• To do
Each record needs to be retyped exactly, though its pictures should not appear.

____

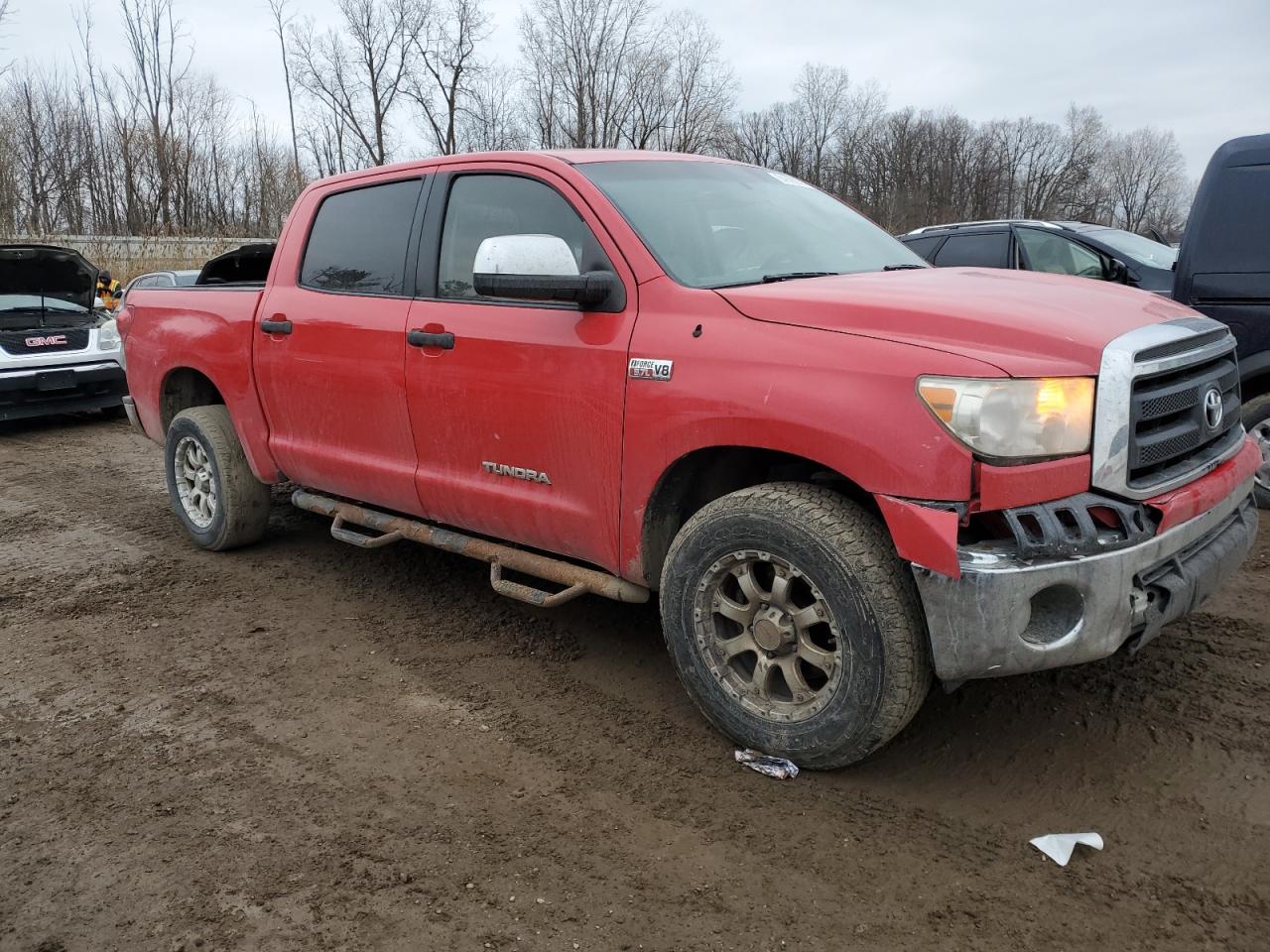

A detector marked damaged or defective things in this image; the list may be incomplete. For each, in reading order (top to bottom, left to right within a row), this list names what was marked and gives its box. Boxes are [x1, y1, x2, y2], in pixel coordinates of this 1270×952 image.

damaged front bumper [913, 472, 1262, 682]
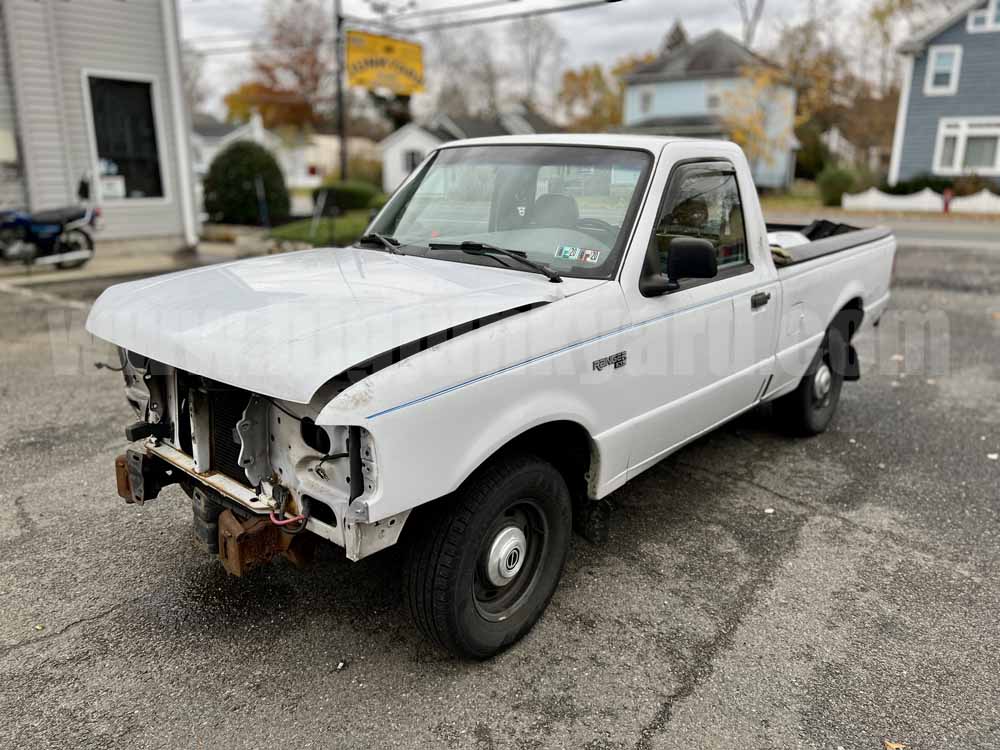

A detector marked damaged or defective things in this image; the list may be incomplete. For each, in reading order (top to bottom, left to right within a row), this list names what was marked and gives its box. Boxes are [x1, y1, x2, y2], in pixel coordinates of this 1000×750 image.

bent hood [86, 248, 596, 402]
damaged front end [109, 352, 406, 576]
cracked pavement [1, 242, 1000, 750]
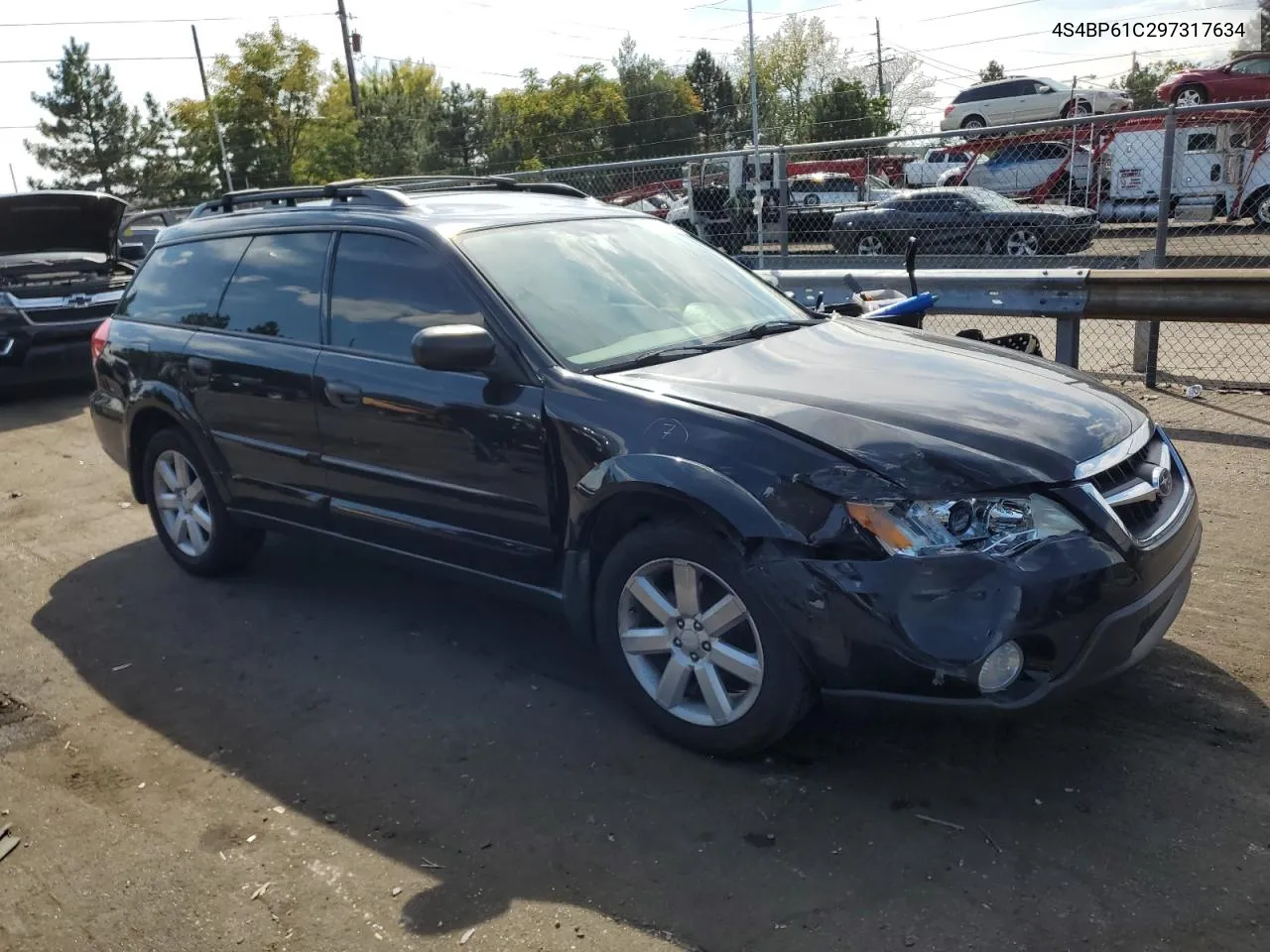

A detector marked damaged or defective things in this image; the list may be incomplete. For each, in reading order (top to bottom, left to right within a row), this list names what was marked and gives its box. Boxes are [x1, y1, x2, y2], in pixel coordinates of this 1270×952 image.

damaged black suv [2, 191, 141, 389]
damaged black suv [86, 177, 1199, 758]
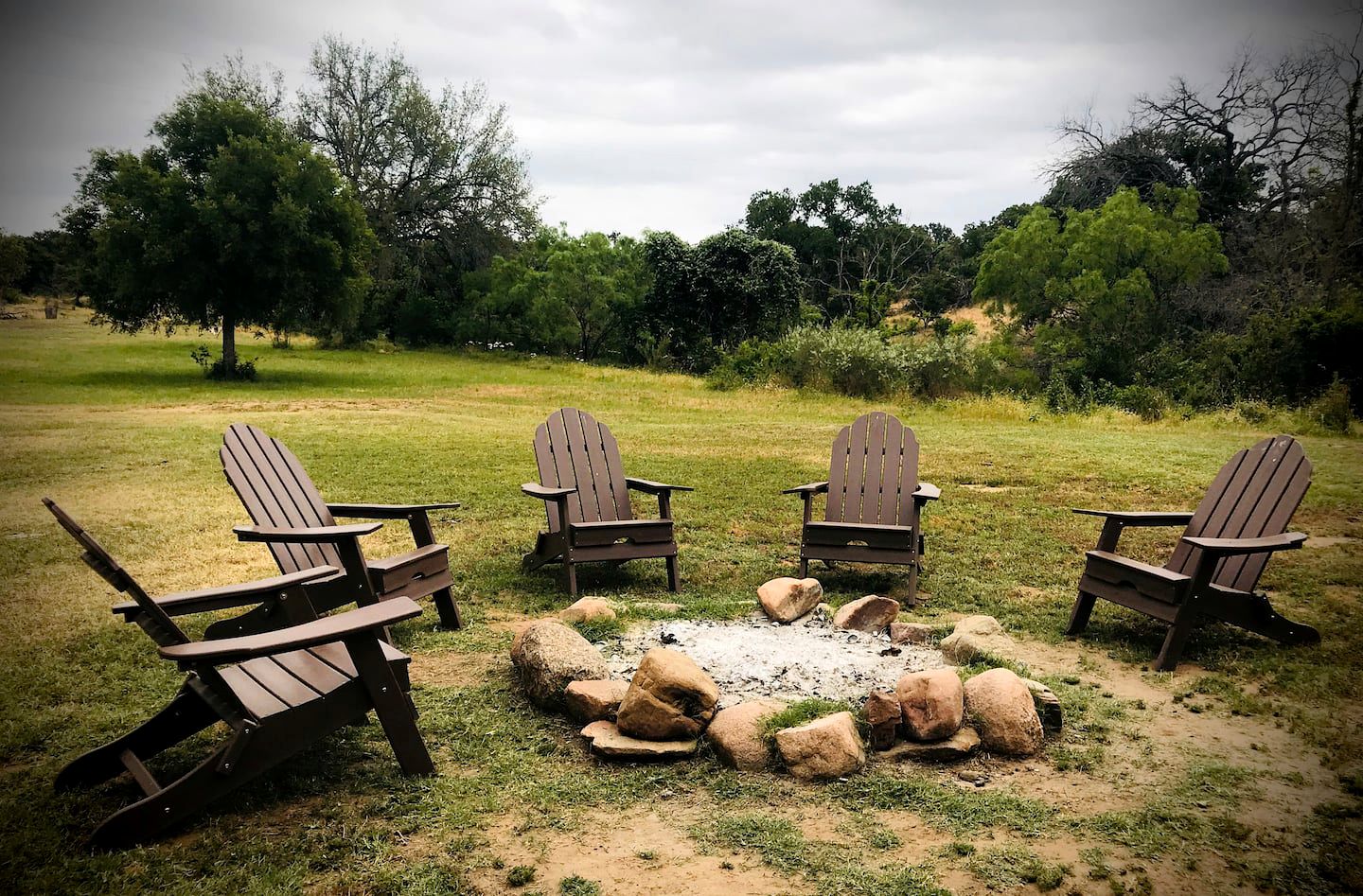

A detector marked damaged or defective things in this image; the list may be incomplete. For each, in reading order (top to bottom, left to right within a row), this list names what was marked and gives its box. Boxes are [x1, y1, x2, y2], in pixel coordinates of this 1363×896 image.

____

• Response area
A detector marked damaged or defective things in this image; the list may be incomplete. For each, in reading order (top to bottom, left to right within a row), this list names what was marked and gives its box. Boxes are [x1, y1, x2, y2], in pixel coordinates of this 1270×952 image.

damaged front bumper [913, 472, 1262, 682]

A detector marked damaged or defective things in this image; the list may be incomplete. For each, in reading order (top to bottom, left to right within a row), this list names what was marked and gives its box. Boxes are [x1, y1, x2, y2], in pixel coordinates of this 1000×750 image.

bent hood [86, 248, 596, 402]
damaged front end [109, 352, 406, 576]
cracked pavement [1, 242, 1000, 750]

A detector marked damaged or defective things in this image; the list may be incomplete. For each, in reading order (top to bottom, left to right within a row), this list names what was marked and gives its box. Boxes are [x1, y1, x2, y2], in pixel coordinates of this 1270×952 image.

damaged black suv [2, 191, 141, 389]
damaged black suv [86, 177, 1199, 758]

A detector marked damaged or defective things in this image; the list may be incomplete. For each, in reading order (top to bottom, left to right within a row), this list names what was marked and gives its box. Boxes are [x1, y1, x2, y2], in pixel coordinates of this 1363×896 image.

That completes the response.